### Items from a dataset
○ ○ ○

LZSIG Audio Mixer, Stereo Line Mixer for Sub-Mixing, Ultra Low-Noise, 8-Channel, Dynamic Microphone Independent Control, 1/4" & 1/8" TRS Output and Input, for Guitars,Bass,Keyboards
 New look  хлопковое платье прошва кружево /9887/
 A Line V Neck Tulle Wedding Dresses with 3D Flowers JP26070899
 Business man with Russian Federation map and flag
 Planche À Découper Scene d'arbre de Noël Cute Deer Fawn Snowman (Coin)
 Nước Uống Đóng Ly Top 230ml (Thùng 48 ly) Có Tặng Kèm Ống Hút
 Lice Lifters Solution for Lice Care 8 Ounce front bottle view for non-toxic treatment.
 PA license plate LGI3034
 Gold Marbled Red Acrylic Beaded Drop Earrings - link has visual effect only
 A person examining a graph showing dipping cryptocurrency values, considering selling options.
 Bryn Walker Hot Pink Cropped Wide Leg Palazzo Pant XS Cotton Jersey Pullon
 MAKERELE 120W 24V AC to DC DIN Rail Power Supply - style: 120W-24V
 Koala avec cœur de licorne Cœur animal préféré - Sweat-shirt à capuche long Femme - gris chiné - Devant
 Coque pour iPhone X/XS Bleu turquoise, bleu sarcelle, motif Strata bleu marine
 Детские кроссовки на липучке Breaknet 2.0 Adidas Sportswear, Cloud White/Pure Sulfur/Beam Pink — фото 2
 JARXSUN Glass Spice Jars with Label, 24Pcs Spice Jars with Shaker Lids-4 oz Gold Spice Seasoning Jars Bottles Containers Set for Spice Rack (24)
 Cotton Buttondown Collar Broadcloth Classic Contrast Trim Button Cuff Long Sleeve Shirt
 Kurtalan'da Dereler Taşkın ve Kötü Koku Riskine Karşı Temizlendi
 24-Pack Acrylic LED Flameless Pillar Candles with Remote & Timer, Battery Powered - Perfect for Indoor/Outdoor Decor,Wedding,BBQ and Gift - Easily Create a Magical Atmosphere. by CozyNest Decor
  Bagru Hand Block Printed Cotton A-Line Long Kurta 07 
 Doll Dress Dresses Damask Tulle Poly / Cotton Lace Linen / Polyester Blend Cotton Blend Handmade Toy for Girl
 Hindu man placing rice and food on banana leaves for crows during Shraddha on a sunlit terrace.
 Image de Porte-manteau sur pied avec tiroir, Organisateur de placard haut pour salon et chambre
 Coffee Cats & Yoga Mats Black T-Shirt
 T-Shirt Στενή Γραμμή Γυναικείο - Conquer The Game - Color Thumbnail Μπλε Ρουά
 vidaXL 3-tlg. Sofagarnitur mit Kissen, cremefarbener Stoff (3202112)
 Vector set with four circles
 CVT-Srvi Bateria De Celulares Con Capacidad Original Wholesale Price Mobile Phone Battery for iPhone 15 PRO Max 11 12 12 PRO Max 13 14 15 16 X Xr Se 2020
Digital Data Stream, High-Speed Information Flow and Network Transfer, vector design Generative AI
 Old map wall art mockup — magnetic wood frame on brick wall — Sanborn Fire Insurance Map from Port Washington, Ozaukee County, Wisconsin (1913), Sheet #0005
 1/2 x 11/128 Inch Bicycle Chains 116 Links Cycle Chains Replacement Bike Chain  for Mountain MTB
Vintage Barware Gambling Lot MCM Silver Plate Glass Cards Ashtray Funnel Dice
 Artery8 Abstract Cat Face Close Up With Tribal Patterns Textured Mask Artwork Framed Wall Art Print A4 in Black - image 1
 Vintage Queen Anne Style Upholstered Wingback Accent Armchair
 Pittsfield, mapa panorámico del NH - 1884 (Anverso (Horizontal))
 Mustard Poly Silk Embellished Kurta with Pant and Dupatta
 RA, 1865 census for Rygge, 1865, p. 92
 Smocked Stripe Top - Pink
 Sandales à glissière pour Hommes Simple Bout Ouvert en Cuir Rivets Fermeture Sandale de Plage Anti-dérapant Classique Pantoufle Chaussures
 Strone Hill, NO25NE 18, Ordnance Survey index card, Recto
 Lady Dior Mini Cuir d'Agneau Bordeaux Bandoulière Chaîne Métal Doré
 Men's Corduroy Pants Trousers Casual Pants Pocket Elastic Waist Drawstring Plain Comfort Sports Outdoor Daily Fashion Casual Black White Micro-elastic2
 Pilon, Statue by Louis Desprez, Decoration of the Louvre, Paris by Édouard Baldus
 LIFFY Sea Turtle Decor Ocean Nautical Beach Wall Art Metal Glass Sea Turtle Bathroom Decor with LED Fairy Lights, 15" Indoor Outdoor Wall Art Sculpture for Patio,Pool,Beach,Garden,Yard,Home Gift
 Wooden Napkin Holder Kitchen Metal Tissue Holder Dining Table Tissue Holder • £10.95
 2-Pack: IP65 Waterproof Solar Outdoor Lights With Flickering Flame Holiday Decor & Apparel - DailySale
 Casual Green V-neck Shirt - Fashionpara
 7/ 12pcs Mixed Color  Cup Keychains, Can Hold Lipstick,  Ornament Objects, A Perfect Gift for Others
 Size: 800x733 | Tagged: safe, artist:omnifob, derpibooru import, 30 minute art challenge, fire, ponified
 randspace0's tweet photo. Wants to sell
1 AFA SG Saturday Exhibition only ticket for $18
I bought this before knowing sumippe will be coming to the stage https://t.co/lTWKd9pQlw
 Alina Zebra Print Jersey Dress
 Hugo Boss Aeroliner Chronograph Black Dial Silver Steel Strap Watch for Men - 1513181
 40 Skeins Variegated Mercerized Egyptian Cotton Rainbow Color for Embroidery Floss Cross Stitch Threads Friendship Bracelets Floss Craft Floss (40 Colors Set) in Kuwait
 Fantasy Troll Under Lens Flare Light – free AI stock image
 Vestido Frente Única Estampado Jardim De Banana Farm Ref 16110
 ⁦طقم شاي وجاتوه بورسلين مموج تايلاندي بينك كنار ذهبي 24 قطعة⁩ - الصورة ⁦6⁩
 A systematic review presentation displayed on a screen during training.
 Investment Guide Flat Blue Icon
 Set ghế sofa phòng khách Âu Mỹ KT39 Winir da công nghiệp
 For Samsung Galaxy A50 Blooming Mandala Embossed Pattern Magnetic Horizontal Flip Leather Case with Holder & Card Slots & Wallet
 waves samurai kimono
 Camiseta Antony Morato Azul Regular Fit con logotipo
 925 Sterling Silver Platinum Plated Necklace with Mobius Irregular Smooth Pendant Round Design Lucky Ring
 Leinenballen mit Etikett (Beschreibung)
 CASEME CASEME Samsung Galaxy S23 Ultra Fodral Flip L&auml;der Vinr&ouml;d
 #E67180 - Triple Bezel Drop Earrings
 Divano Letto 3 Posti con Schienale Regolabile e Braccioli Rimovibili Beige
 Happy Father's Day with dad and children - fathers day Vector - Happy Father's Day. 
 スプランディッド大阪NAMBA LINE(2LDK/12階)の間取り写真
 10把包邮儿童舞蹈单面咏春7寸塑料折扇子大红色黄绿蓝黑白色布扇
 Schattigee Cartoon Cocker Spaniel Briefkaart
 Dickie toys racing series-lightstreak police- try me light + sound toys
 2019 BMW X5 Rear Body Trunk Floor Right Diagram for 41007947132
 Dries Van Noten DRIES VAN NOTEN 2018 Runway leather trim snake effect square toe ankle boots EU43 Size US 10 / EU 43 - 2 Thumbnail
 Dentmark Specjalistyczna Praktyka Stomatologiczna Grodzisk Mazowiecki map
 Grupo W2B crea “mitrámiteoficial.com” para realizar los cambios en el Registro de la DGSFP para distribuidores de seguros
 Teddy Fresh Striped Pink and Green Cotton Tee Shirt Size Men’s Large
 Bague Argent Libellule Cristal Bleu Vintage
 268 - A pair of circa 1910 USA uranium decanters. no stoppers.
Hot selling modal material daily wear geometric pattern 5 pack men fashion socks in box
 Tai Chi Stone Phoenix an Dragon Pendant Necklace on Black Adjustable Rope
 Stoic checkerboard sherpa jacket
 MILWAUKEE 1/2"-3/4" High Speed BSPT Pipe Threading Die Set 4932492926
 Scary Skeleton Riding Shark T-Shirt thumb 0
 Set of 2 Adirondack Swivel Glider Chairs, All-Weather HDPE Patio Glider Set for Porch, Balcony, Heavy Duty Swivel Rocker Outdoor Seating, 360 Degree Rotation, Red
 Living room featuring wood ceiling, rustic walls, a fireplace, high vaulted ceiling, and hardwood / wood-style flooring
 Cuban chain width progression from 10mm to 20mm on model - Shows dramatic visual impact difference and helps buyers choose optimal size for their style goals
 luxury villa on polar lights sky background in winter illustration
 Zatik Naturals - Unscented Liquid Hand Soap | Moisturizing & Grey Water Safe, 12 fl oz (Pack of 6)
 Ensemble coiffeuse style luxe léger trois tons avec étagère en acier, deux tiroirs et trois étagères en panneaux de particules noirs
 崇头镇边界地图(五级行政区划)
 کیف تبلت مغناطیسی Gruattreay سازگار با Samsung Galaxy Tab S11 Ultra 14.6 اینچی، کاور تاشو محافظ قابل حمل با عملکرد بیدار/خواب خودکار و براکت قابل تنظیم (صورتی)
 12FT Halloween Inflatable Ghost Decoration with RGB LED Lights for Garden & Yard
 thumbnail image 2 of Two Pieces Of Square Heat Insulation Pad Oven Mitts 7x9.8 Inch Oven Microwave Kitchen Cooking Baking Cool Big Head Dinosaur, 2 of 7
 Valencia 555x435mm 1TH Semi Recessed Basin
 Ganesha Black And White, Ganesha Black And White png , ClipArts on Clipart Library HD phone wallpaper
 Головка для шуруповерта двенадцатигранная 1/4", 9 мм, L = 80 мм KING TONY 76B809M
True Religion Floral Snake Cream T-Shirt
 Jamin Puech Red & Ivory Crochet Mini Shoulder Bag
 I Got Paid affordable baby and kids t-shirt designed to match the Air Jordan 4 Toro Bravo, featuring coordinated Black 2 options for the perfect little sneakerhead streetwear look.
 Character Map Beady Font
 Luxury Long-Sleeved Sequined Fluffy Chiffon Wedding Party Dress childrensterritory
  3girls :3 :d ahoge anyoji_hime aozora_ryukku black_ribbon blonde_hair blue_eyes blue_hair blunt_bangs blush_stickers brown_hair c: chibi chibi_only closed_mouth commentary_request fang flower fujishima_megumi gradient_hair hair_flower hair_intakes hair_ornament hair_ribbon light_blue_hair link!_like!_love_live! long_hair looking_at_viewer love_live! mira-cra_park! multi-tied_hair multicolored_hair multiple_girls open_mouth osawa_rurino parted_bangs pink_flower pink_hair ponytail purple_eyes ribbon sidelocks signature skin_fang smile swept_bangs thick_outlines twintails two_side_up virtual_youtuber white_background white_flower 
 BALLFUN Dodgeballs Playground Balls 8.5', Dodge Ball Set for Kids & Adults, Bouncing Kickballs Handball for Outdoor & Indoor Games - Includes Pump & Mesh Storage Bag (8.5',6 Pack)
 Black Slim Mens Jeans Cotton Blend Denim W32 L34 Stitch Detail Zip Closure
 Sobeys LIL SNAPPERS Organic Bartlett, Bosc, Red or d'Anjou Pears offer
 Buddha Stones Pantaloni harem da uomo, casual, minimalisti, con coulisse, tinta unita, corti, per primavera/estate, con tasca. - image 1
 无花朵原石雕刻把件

○ ○ ○

Every line above from the line with "Alina Zebra Print Jersey Dress" to the line with "Camiseta Antony Morato", inclusive, must be returned exactly; no other line belongs in the reply.

 Alina Zebra Print Jersey Dress
 Hugo Boss Aeroliner Chronograph Black Dial Silver Steel Strap Watch for Men - 1513181
 40 Skeins Variegated Mercerized Egyptian Cotton Rainbow Color for Embroidery Floss Cross Stitch Threads Friendship Bracelets Floss Craft Floss (40 Colors Set) in Kuwait
 Fantasy Troll Under Lens Flare Light – free AI stock image
 Vestido Frente Única Estampado Jardim De Banana Farm Ref 16110
 ⁦طقم شاي وجاتوه بورسلين مموج تايلاندي بينك كنار ذهبي 24 قطعة⁩ - الصورة ⁦6⁩
 A systematic review presentation displayed on a screen during training.
 Investment Guide Flat Blue Icon
 Set ghế sofa phòng khách Âu Mỹ KT39 Winir da công nghiệp
 For Samsung Galaxy A50 Blooming Mandala Embossed Pattern Magnetic Horizontal Flip Leather Case with Holder & Card Slots & Wallet
 waves samurai kimono
 Camiseta Antony Morato Azul Regular Fit con logotipo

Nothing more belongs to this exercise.